We’re still a month-ish away from the sun crossing the horizon here at S Pole, but it’s already easy to see by eye where the sun is. One of the neat things about the sun getting closer to the horizon is that we can get purple auroras in our pictures.
The vast majority of aurora that we’ve seen here are green, which in person often look more grey than green because the eye is more sensitive at low levels to light than it is to colour. For more on the eye, see wikipedia, or better Richard Feynman’s Lectures on Physics. A neat connection there is that Richard’s sister Joan Feynman figured out a lot about the mechanisms involved in aurora.
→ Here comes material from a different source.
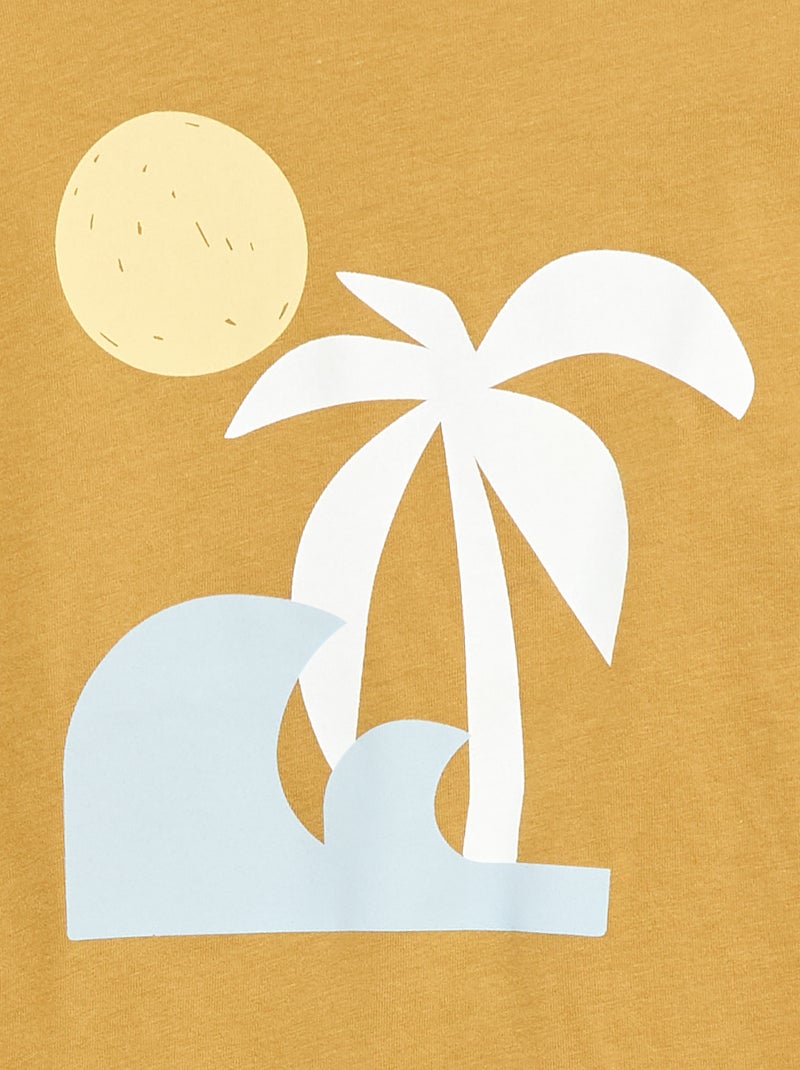 T-shirt a maniche corte stampato Beige - Kiabi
Reds in aurora photos are real, but they’re only visible to the eye if they are quite bright. I’ve seen faint reds by eye a couple times, mainly along with the really bright, shimmering aurora displays. But, as the regular reader will have noticed, they’re pretty easy to photograph with a sensitive camera and fast lens.
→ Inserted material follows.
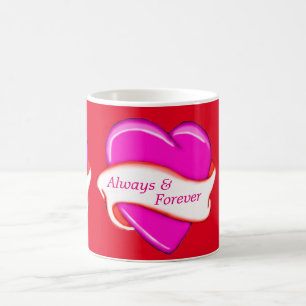 Pink Heart Banner Personalised Mug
I’m not entirely sure that these purple aurora are any different from the normal red aurora – they might be a red aurora in front of a sky that’s more blue with the rising sun. I’ve heard though that the purple colour is caused by sunlight exciting atoms in the upper atmosphere, which then get further excited by the same charged particles that cause normal aurora. Either way, the purple aurora are a neat way to wrap up the months of darkness here.